Ormai le immagini della nave da crociera Costa Concordia ci sono entrate nella memoria mostrate e rimostrate in continuazione nei vari telegiornali; e abbiamo visto anche com’era nel suo esagerato lusso, nata apposta per il divertimento e la goduria, che è un’altra cosa, dei suoi passeggeri che potevano usufruire di 13 bar, 5 ristoranti, 5 vasche idromassaggio, 4 piscine e una per i bambini, 6000 metri quadri dedicate a palestra, terme, sauna, bagno turco e solarium, un campo polisportivo, il cinema, casinò ed una discoteca, un simulatore di gran premio ed infine un mondo virtuale per le play station. La tragedia è avvenuta proprio nel momento in cui non solo l’Italia ma l’Europa tutta è sull’orlo di una crisi economica drammatica che questi sfortunati passeggeri avevano certamente dimenticato nello sfolgorio delle luci del salone delle feste e nelle danze del ventre a bordo piscina.
In questi luogi di svago sfrenato non c’è posto né tempo per pensare a Cristo, anche la religione, come i sacrifici imposti dai tempi, è da dimenticare. Eppure anche Cristo è entrato di soppiatto in questa tragedia: vi ha pensato,nella telefonata allo sciagurato Capitano della nave Costa Concordia, Schettino, il Comandate della Capitaneria di Porto di Livorno De Falco, il quale, nella sua foga, nello sfoggio della sua autorità sapendo che la telefonata era registrata, ha imprecato sdegnosamente almeno tre volte, una dicendo “cristo!” e due volte dicendo “cazzo”. E’ pur vero che il Gesù storico è stato più volte attaccato dai pettegoli del tempo che gli contestavano le sue frequentazioni – prostitute, ladri, mangioni e via dicendo – ma qui l’associazione mi parrebbe un tantino esagerata se non fosse per il fatto che una delle più belle notizie della tragedia è stata che il parroco dell’Isola del Giglio ha spalancato la Chiesa per ospitare gli sfortunati gaudenti i quali, vicini a Cristo, volenti o nolenti, hanno finalmente trovato un poco di pace e conforto.

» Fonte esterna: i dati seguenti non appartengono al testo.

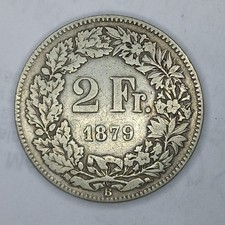 Moneta 2 Franchi – Svizzera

Qualcuno ha paragonato la tragedia della grandiosa nave Costa Concordia a quella del Titanic; certo tutti ricorderanno che al varo del famoso transatlantico, armatori e progettista e capitano, dissero che era un transatlantico che neppure Dio poteva fermare, ma si erano dimenticati che bastava un cumulo di acqua ghiacciata e la gioiosa spensieratezza della festa per far calare quel minimo di attenzione, sicchè nell’uno e nell’altro caso – ma qui Dio non c’entra – è successo l’irreparabile.

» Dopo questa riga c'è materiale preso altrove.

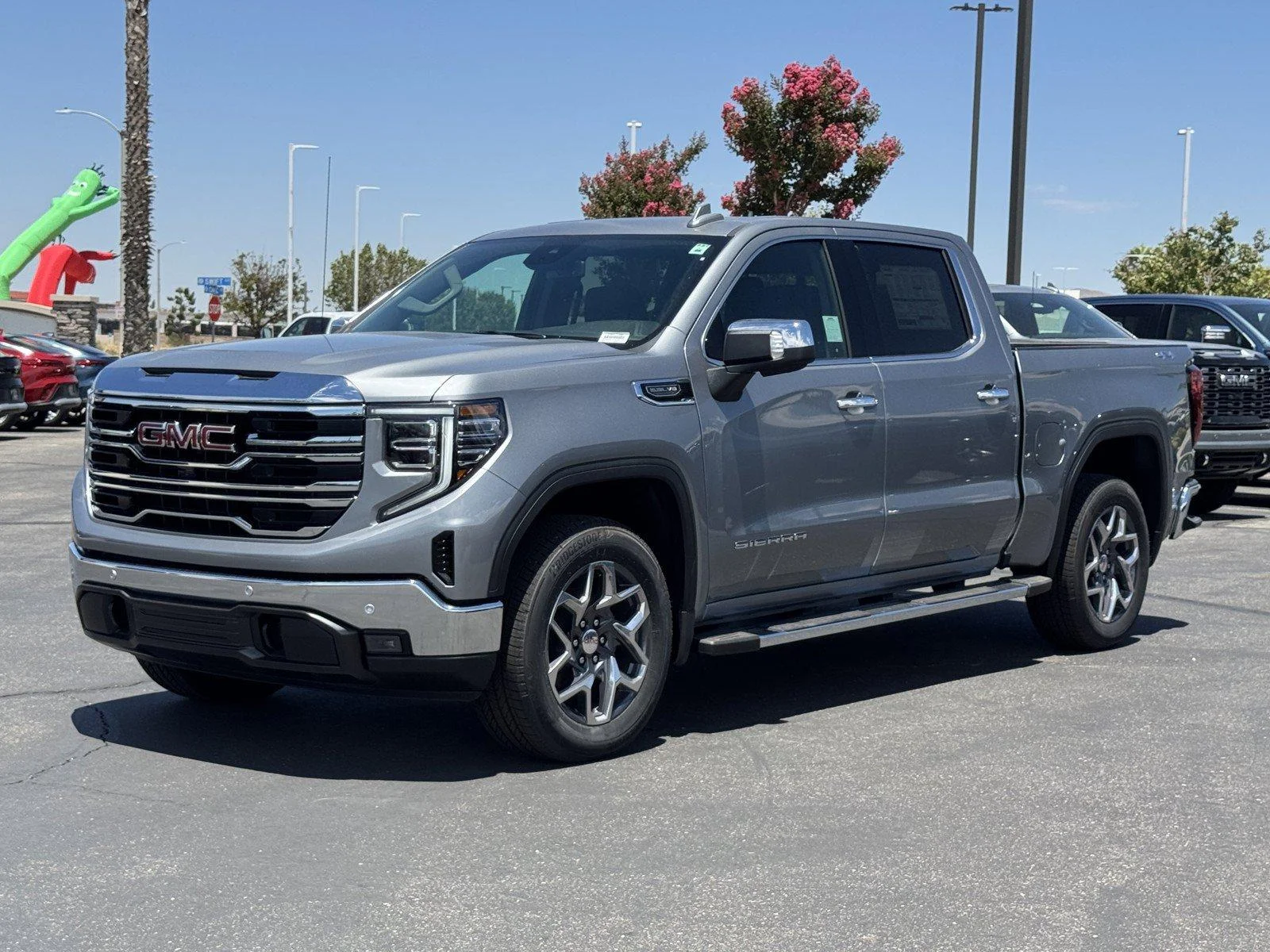 New 2026 Sterling Metallic GMC SLT image 3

Mi viene da pensare a quella ragazza di poco più di tredici anni che tanti secoli fa, ringraziando Dio della propria situazione aveva profeticamente (in senso biblico) decantato una preghiera con queste parole: … Interviene con la forza del suo braccio, disperde i superbi nei pensieri del loro cuore; abbatte i potenti dai troni e innalza gli umili.
Il mostro giace ormai morto sulle sponde dell’Isola del Giglio: ma al di là delle notizie che ora dopo ora ci propinano i telegiornali, quel che rimane davvero luminoso nel buio di questa tragedia, è e sarà per sempre lo straordinario comportamento di alcuni membri dell’equipaggio, di molti dei naufraghi, ma soprattutto della generosità degli isolani.

Per come gira il mondo se Dio esistesse non avrebbe scusanti….il resto sono favole per bimbi…
In effetti… ma a non avere scusanti sono le persone come te che non usano la ragione, perchè anche gli antichi greci sapevano benissimo che la libertà dell’uomo è sacra e neppure Dio può ignorarla. Se uno vuole andare nel fosso che vada, Lui non lo può impedire, perlomeno secondo il modo di pensare dei miscredenti e degli atei.
Fortunatamente il nostro Dio è uno che ama anche chi gli sputa in faccia: non è Dio che avebbe dovuto evitare la tragedia, ma il comandante che avrebbe dovuto fare seriamente il prioprio mestiere e pensare alla propria responsabilità piuttosto che alle moldave.